Israeli gas stations to swap Better Place car batteries

Electric-car services company Better Place forges ahead with plan to install tens of thousands of charging stations and battery-switching locations in Israel by next year.

Electric-car services company Better Place has announced deals in Israel with corporate fleet operators and a gas station company, steps toward launching a nationwide network for all-electric cars next year.

Ninety-two companies in Israel plan to host charging stations for Better Place electric cars, the company said Sunday, and a gas station operator will host battery switching stations.

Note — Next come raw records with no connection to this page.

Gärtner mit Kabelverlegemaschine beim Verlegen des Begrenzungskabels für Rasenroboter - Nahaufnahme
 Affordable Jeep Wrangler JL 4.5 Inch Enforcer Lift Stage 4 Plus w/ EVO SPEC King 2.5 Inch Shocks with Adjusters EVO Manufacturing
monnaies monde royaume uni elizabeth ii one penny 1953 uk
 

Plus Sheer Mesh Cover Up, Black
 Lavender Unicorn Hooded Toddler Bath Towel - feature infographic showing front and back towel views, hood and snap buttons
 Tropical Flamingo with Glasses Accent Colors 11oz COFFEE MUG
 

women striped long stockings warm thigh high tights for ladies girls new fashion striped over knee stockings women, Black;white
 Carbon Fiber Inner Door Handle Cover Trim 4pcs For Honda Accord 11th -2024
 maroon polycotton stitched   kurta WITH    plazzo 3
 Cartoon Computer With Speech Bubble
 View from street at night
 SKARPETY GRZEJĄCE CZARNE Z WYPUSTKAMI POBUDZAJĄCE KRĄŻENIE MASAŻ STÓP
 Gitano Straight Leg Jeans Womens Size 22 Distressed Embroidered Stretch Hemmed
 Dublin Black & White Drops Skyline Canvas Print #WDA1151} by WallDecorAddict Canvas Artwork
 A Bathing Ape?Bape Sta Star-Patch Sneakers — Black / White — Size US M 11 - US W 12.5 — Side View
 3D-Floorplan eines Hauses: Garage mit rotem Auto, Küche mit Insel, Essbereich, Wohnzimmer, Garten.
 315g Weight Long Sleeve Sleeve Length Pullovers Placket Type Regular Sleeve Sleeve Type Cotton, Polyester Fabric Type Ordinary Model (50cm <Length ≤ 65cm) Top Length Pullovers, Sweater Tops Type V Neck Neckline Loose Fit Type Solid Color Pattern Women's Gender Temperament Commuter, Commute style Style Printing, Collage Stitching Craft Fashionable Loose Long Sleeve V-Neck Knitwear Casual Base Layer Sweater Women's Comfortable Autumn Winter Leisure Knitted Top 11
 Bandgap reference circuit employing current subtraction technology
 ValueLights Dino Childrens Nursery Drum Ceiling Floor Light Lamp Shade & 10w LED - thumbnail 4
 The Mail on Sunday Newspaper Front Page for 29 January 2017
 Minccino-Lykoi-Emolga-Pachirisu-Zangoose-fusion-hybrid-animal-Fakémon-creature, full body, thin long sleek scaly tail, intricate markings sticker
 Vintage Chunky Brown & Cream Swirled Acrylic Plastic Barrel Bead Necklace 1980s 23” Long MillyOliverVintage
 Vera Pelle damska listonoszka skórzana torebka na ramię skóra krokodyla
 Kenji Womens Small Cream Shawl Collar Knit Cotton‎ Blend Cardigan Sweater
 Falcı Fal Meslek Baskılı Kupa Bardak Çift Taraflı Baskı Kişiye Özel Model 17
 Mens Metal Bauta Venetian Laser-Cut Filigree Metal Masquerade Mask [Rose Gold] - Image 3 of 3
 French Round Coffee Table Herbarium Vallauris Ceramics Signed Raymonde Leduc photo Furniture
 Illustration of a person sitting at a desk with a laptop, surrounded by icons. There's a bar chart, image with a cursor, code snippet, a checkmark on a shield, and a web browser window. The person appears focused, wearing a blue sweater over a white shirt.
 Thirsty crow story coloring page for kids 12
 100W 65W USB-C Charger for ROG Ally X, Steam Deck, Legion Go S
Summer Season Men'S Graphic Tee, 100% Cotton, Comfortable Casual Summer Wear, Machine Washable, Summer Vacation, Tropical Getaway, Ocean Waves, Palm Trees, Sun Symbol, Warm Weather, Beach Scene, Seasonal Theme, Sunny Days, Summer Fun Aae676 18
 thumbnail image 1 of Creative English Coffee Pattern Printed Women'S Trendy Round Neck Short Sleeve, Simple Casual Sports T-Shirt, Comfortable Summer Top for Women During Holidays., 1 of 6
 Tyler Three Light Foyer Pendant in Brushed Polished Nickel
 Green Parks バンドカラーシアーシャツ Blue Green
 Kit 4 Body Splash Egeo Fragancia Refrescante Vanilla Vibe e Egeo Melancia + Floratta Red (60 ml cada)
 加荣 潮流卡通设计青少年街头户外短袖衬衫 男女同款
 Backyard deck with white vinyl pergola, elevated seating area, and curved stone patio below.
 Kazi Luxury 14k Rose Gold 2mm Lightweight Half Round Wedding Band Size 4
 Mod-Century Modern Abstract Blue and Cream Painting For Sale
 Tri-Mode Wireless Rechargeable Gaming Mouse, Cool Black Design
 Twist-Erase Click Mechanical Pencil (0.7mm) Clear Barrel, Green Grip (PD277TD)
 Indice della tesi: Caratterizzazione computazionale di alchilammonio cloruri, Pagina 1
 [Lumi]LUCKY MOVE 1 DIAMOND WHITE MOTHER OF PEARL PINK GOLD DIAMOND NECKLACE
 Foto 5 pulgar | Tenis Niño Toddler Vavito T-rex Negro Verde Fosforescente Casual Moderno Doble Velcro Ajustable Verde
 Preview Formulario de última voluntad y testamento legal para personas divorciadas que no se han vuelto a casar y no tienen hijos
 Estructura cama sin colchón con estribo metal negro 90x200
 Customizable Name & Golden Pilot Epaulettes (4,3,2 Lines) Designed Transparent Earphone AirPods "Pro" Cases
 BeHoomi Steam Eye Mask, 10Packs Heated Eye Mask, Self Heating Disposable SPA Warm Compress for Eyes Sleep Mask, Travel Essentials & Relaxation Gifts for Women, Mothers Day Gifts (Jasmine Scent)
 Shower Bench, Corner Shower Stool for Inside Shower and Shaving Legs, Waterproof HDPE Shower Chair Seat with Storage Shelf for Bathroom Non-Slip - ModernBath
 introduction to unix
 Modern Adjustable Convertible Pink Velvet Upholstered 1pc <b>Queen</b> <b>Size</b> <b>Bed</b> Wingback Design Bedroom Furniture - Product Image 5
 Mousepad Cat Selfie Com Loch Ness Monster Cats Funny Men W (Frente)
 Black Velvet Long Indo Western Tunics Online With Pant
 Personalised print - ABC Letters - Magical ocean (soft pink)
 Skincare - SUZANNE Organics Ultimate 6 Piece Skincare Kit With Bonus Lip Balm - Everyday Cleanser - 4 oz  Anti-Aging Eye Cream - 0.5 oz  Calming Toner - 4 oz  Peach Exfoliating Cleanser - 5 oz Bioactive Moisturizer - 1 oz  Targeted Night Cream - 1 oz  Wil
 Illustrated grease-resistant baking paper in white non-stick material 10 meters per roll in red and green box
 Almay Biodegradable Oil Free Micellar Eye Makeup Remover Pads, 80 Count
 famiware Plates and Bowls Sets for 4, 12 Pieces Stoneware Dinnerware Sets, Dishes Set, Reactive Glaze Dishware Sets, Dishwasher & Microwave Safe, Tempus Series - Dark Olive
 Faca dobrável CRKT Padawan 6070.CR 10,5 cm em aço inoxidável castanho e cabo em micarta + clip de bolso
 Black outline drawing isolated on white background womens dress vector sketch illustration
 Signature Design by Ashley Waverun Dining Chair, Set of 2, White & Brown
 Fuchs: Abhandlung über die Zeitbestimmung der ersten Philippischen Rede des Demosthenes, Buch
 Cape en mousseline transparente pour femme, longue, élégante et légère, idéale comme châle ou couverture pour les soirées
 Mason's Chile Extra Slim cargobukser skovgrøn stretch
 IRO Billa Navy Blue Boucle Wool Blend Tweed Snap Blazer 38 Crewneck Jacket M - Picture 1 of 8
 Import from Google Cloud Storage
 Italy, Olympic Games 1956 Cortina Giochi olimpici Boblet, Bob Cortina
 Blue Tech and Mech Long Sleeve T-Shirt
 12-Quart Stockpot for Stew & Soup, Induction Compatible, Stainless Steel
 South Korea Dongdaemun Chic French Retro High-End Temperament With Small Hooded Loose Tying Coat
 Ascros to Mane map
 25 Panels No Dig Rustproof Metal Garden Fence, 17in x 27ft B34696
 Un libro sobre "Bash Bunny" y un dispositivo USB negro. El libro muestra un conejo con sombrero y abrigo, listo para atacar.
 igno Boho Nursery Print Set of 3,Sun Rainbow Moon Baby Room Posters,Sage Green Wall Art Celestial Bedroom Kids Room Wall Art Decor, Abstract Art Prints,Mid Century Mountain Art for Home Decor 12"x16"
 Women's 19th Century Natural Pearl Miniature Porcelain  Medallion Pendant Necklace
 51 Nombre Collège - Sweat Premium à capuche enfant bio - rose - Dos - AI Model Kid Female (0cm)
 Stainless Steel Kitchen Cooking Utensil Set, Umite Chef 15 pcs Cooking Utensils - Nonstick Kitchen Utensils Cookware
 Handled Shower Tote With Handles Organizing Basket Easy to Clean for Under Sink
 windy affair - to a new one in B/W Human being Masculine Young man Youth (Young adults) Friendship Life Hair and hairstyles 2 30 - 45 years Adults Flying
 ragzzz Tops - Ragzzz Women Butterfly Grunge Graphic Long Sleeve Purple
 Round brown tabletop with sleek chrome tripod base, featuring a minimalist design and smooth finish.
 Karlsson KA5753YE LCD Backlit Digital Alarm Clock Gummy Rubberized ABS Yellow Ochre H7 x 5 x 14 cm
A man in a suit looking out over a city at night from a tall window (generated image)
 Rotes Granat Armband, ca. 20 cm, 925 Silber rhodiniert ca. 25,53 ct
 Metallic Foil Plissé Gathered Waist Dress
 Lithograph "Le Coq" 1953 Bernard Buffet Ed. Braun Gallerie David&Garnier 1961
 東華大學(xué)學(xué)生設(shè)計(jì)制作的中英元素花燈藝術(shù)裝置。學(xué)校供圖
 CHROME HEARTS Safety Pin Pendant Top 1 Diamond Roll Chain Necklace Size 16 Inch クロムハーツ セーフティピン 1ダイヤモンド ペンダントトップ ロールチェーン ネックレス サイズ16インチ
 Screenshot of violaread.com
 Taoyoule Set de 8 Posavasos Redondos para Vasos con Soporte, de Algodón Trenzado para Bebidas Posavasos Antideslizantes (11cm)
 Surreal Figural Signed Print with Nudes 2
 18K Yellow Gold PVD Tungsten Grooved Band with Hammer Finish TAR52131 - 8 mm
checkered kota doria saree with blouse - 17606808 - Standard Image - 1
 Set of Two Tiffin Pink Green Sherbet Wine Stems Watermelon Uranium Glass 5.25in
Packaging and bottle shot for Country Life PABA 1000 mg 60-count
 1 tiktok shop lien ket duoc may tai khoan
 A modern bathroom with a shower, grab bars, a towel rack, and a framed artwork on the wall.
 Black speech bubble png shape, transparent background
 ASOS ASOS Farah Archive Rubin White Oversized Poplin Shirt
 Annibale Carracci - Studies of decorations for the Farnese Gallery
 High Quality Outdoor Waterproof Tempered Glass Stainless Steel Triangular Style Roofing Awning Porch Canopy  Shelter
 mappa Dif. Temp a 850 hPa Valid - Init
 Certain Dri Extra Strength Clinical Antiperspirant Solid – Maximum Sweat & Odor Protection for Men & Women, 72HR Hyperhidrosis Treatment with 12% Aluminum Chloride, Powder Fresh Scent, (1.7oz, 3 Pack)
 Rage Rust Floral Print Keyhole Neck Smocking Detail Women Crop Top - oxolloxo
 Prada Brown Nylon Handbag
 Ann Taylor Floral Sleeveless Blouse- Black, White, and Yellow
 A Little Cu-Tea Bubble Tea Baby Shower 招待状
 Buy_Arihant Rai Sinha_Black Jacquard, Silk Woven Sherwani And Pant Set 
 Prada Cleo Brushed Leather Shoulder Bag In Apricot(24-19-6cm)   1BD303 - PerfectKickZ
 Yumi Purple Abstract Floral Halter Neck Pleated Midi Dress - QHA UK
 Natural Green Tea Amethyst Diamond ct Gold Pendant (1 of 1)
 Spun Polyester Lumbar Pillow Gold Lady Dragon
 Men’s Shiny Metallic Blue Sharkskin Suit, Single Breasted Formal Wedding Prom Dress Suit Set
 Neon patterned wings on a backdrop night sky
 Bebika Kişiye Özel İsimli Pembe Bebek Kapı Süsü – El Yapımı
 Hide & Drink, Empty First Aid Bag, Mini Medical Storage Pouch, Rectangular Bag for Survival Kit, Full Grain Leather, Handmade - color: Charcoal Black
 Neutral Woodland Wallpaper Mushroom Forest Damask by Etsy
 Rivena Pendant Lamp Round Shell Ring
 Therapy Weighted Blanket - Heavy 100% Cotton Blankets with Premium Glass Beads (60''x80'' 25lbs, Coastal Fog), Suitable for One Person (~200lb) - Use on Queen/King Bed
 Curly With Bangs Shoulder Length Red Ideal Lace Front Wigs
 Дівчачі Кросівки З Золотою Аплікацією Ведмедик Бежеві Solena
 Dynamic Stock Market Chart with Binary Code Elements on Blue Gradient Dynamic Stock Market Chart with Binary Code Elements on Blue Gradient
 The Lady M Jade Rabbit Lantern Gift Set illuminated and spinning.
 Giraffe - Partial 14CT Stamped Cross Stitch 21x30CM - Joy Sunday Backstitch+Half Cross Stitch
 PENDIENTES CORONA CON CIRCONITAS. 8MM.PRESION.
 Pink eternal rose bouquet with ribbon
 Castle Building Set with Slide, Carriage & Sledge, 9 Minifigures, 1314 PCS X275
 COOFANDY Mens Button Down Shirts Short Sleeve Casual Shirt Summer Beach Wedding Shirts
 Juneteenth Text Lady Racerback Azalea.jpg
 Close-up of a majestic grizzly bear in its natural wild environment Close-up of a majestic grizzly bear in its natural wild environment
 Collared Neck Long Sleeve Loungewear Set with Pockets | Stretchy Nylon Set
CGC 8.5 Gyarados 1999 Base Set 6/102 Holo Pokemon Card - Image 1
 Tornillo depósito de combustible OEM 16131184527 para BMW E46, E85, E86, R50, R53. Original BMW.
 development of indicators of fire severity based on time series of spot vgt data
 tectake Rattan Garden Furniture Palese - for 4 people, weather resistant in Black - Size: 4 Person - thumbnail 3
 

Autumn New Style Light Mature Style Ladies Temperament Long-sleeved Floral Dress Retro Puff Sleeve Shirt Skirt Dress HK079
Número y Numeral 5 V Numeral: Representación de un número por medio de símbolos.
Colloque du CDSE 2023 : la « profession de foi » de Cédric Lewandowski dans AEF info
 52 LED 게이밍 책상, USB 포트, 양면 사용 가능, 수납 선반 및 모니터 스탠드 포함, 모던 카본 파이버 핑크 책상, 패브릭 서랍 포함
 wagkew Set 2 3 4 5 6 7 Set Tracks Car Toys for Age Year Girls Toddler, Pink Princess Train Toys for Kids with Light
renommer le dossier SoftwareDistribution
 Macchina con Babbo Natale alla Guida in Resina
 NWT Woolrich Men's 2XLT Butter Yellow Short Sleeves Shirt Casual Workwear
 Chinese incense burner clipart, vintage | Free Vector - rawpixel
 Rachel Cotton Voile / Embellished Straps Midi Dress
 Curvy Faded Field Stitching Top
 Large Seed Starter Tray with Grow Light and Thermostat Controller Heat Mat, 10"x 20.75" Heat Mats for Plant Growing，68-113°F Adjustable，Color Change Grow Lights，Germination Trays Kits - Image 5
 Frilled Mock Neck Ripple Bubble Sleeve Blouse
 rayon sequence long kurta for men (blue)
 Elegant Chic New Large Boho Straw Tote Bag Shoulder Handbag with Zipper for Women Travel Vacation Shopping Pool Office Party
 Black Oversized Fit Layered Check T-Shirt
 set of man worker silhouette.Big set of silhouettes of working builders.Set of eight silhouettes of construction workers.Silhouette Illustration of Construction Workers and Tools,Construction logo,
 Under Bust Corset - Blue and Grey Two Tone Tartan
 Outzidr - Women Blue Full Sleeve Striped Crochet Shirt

A charging point for electric vehicles in Israel. Better Place

With the deals in place and support from the Israeli government, Better Place projects that it will be operating a nationwide network of thousands of charging stations by 2011, according to reports.

During a press conference, Israel-born Better Place CEO Shai Agassi predicted that by 2020 there will be more electric cars sold in Israel than gasoline cars. The deal with corporate fleet operators translates into over half the fleet cars in the country, he told Reuters.

Better Place's business model is to provide driving plans for electric vehicle owners, roughly analogous to mobile phone plans. A person or company can purchase a certain number of driving miles per month for a fee and refill batteries at home and at corporate charging stations. They can also swap out batteries, which are owned by Better Place, for fresh ones.

It has signed on Renault Nissan which will manufacture cars with swappable batteries and a driving range of about 100 miles. Earlier this month, Better Place raised $350 million to expand into Israel, Denmark, and other locations--an investment led by bank HSBC.

Better Place has not signed on any other carmakers, and many people have questioned whether its business model will work, particularly in the U.S. where driving distances can be longer than in other countries.

By contrast, its business is better suited for Israel, where there is a strong national interest to reduce oil imports, many people drive corporate cars, and there is a small geography to work within.

Also on Sunday, the company said it will open a demonstration facility, which includes a driving track and displays to explain how how the electric charging network will operate.